I do have a few purely practical question about the potential to deploy robots in corrupt areas of the developing world (which don’t detract from the intellectual interest of their capacity to thwart corruption if it was feasible to place them)
1. Electricity flows. In many of these areas, power frequently goes out. Robots would either need to be connected to a power source or would require frequent battery changes. Would there be a chance that law enforcement would go down whenever the power does? If they use batteries, what are the logistical challenges of distributing them?
2. Cost: Would purchasing, repairing and monitoring footage from these robots significantly increase law enforcement costs over human police officers? If so, how can very poor countries afford them?
3. Potential theft. Robots would seem valuable. In societies where metal bits are frequently stolen for their scrap value, would there be an incentive to steal the robots that are supposed to enforce the law?
Thanks for a great post Katie! As Sarah said, I think the personification component is the most interesting part of this idea. And, it is a component that most other technology based tools with potential for fighting corruption–I would add block chain registries and mobile banking to the list you mention at the beginning of the post–seem to lack. Given psychology research about obedience like the Milgram studies, person-like enforcement tools likely have a lot of potential.

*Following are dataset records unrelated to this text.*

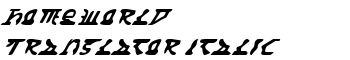 Homeworld Translator Italic font
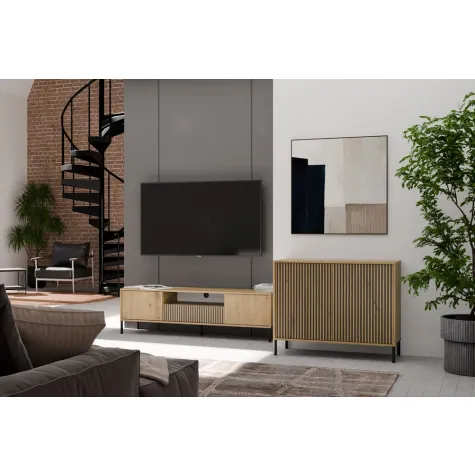 Komoda KAMARO 2D SLIM DĄB ARTISAN Lamele Front Ryflowany-3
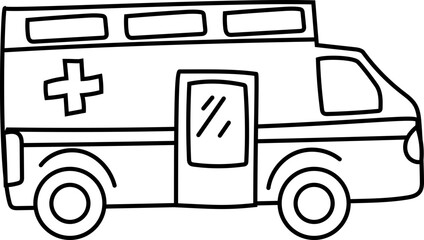 Cartoon ambulance doodle illustration on transparent background.  © OneyWhyStudio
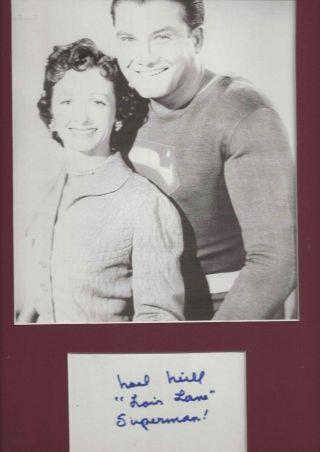 Superman Photo As Lois Lane & In - Person Hand Signed Card By Pretty Noel Neill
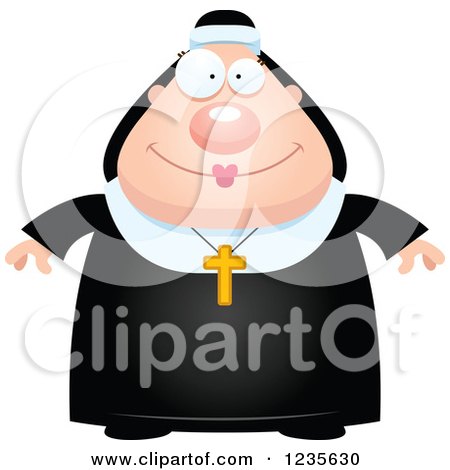 Clipart of a Happy Smiling Chubby Nun - Royalty Free Vector Illustration by Cory Thoman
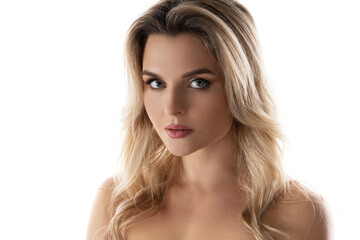 Fototapeta premium Beautiful woman with a blond hair and smooth skin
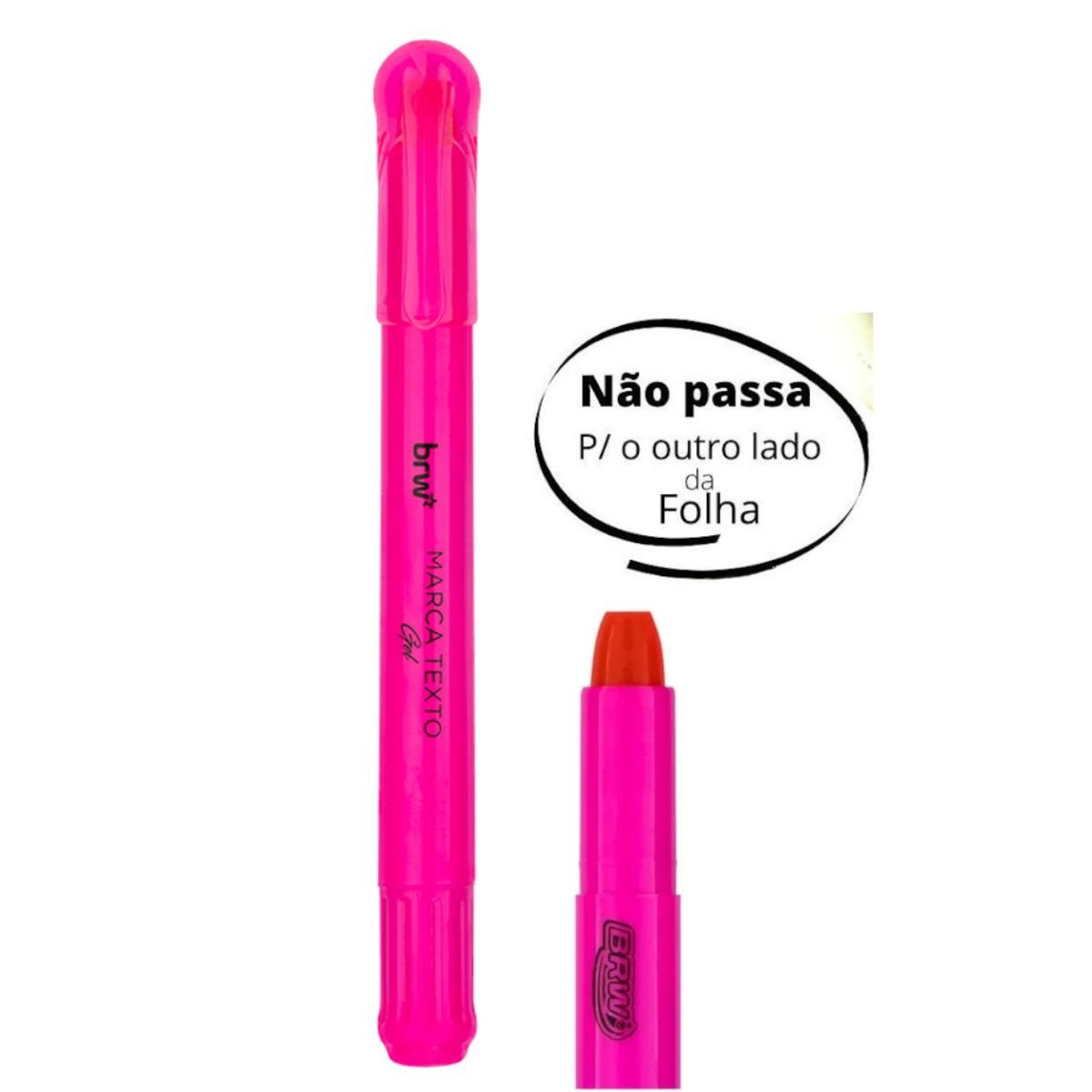 CANETA MARCA TEXTO EM GEL RETRATIL COR ROSA FLUORESCENTE CX 12 UNIDADES - BRW - Image 3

I would echo Sarah’s concern about theft. In India, at least in Mumbai, I never once saw a public trashcan on the side of a street. Trash is a huge problem, and one that Prime Minister Modi has made a focus through his Clean India campaign. Apparently there were efforts to provide public trashcans, but theft was impossible to overcome. Any trashcan that was mobile enough to be emptied was also vulnerable to theft for scrap metal. Of course, these robots are much bigger, so perhaps theft is less of a concern logistically. But damage is still an issue. What stops someone caught by the robot from damaging it with anonymity to destroy the evidence? Damaged robots across the city could create bigger broken-window-theory style problems related to public perception.